Created attachment 904902 [details] sysrq - blocked calls on stuck qemu-loop-lvm-md stack Hello, I am running a VM with WinXP on my box and after an upgrade to kernel 6.11.0 it started misbehaving. Previous kernels were a 6.6.xx and 6.1.xx The layer stack is this: - gentoo-sources-6.11.0 - mdraid - raid 1 mirror of a HDD+SSD (hdd is flagged as write-mostly) - lvm - to partition the above md device - loopdev - to realign the unaligned winxp partition - app-emulation/qemu-9.0.2-r2 - WinXP guest Once the QEMU is stuck the RDP no longer works nor the spice protocol console nor the monitoring socket. Furthermore, LVM management commands such as lvs will get stuck in D-state as well. To me it looks like some deadlock in this kernel version related to how my VM block-device stackup is made. The lvm volume has a MBR partitioned disk with C: starting at +1MiB (sector 2048, aligned) - that natively does not boot so I made a loop device with the 63 sectors preceeding that first partition start. Qemu is then booted with an unaligned drive, but aligned partition (win-win situation): losetup -o $(( 512 * ( 2048 - 63 ) )) "$DRIVE_BOOT" "$DRIVE_FILE" So far I have added aio=threads to qemu drive configuration to rule out the other async API issues but it just gets stuck with this as well. Yesterday I had to enable CONFIG_MAGIC_SYSRQ so that I can issue: echo w >/proc/sysrq-trigger, whose output is attached. Running lvs&,lvs there is another dump attached. Is there any way to unblock such locks? As this even prevents a graceful reboot - I have to manually stop the other VM's, stop NFS, umount what is umountable and then press the hard reset button. reboot/poweroff is not doing anything here by having those few processes in D state. After killing the two lvs processes that were in (S/S+) state, they get into D as well (strace shown an async api being used inside lvs): # ps auxf | grep D USER PID %CPU %MEM VSZ RSS TTY STAT START TIME COMMAND root 7358 0.0 0.0 0 0 ? D 11:32 0:00 \_ [kworker/u16:0+loop0] root 9444 0.0 0.0 0 0 ? D 11:52 0:00 \_ [kworker/u16:4+flush-251:4] root 21331 0.0 0.0 6552 2132 pts/1 S+ 13:44 0:00 | \_ grep --color=auto D root 19518 0.0 0.0 0 0 pts/3 D 13:24 0:00 \_ [lvs] root 19967 0.0 0.0 0 0 pts/3 D+ 13:29 0:00 \_ [lvs]

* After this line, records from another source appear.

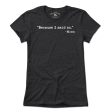 Because I said So.  -Moms T-Shirt Fashion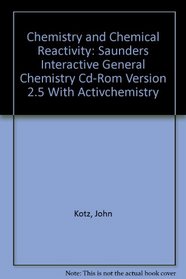 Chemistry and Chemical Reactivity: Saunders Interactive General Chemistry Cd-Rom Version 2.5 With Activchemistry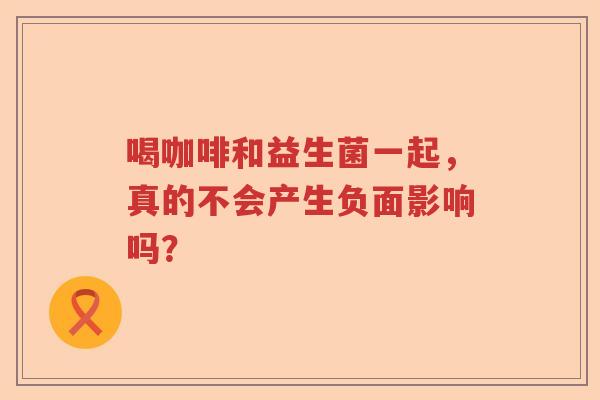 喝咖啡和益生菌一起,真的不会产生负面影响吗? 喝咖啡和益生菌一起,真的不会产生负面影响吗?
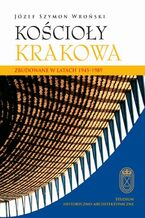 Okładka - Kościoły Krakowa - Józef Szymon Wroński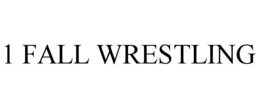 1 FALL WRESTLING trademark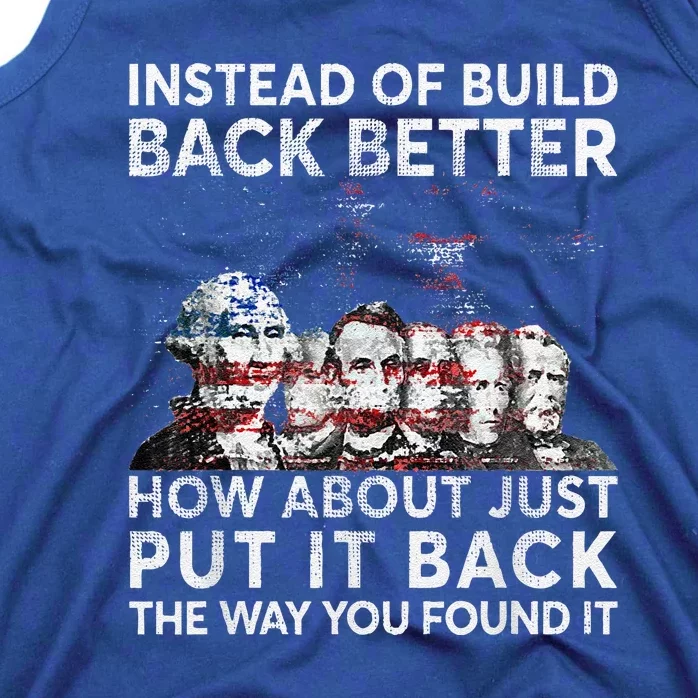 Instead Of Build Back Better How About Just Put It Back Tank Top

Created attachment 904903 [details] sysrq - blocked calls on stuck qemu + two lvs
Couple of options, 1. Try with the latest 6.11.X kernel 2. Attempt with a 6.12-rcX kernel, but it's a little early in that series 3. Do a git bisect to determine if an offending commit in the kernel can be identified.